Regular Expression Recursive Replacement in MarcEdit

One of the new functions in MarcEdit is the inclusion of a Field Edit Data function.  For the most part, batch edits on field data has been handled primarily via regular expressions using the traditional replace function.  For example, if I had the following field:

=999  \\$zdata1$ydata2

And I wanted to swap the subfield order, I’d use a regular expression in the Replace function and construct the following:
Find: (=999.{4})(\$z.*[^$])(\$y.*)
Replace: $1$3$2

This works well — when needing to do advanced edits.  The problem was that any field edits that didn’t fit into the Edit Subfield tool needed to be done as a regular expression.  In an effort to simplify this process, I’ve introduced an Edit Field Data tool.

image

This tool exposes the data, following the indicators, for edit.  So, in the following field:
=999  \\$aTest Data

The Edit Field Data tool could interact with the data: “$aTest Data”.  Ideally, this will potentially simplify the process of doing most field edits.  However, it also opens up the opportunity to do recursive group and replacements.

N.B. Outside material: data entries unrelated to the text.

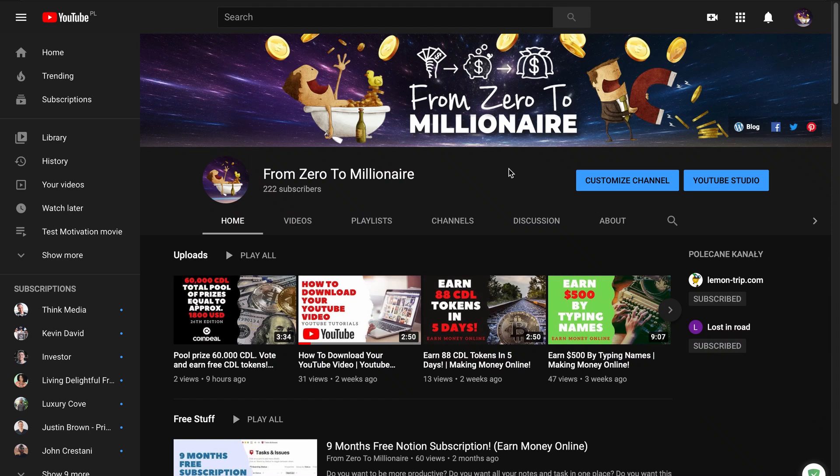Hello guys and welcome back to the channel From Zero to Millionaire. On the last video we learned about playlists, how to manage this playlist, how to create, how to remove, how to add videos and how to remove videos from the playlist.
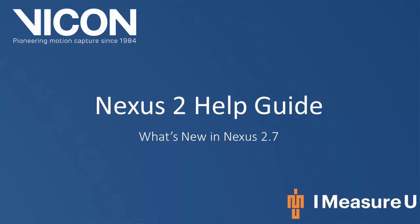Welcome to your Nexus 2 help guide. In this video we will talk about the new features within Nexus 2.7.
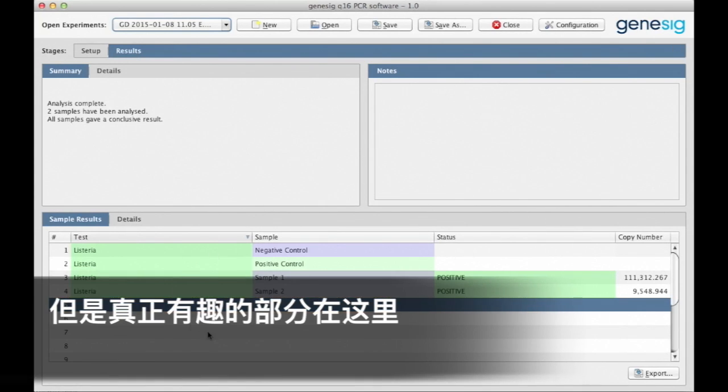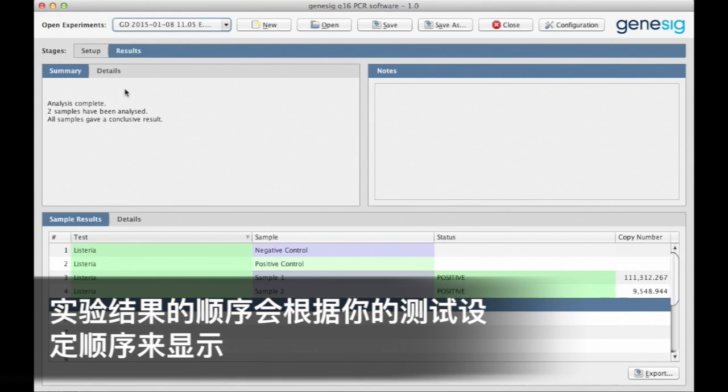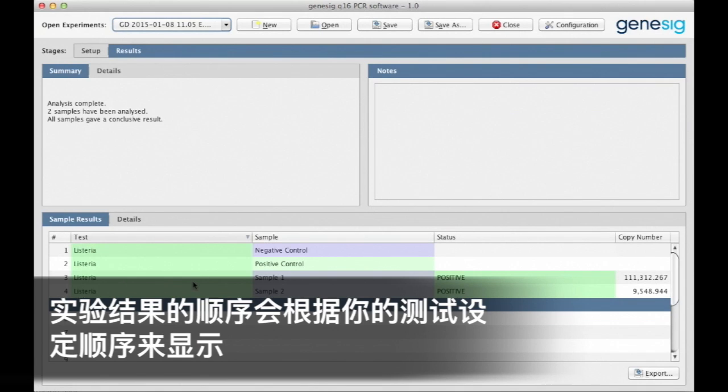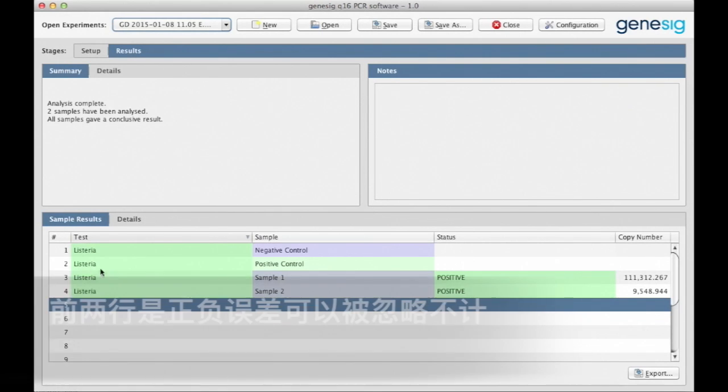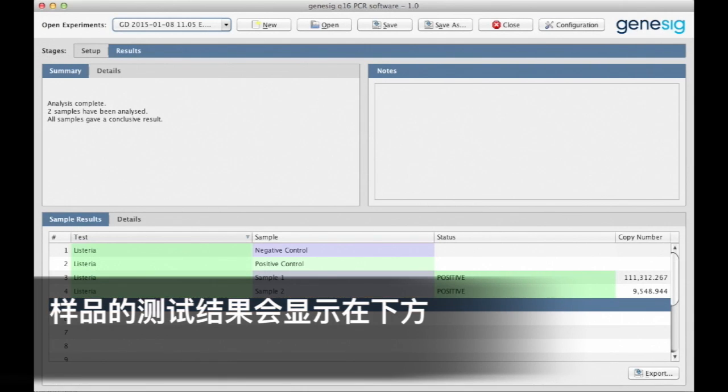But the really interesting bit is down here. Here are the results. The results are presented in exactly the same order that you arranged them during test setup. You can ignore the top two rows as these are your positive and your negative controls. The results for the samples are displayed underneath.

When harvesting data, often times subjects may be concatenated with a delimiter, so for example, a single 650 field may represent multiple subjects, separated by a delimiter of a semicolon.  The new function will allow users to capture data, and recursively create new fields from the groups.  So for example, if I had the following data:
=650  \7$adata — data; data — data; data — data;

And I wanted the output to look like:
=650  \7$adata — data
=650  \7$adata — data
=650  \7$adata — data

I could now use this function to achieve that result.  Using a simple regular expression, I can create a recursively matching group, and then generate new fields using the “/r” parameter.  So, to do this, I would use the following arguments:
Field: 650
Find: (data — data[; ]?)+
Replace: $$a$+/r
Check Use Regular Expressions.

 image

The important part of the above expression is in the Replacement syntax.  To tell MarcEdit that the recursion should result in a new line, the mnemonic /r is used at the end of the string to tell the tool that the recursion should result in a new line.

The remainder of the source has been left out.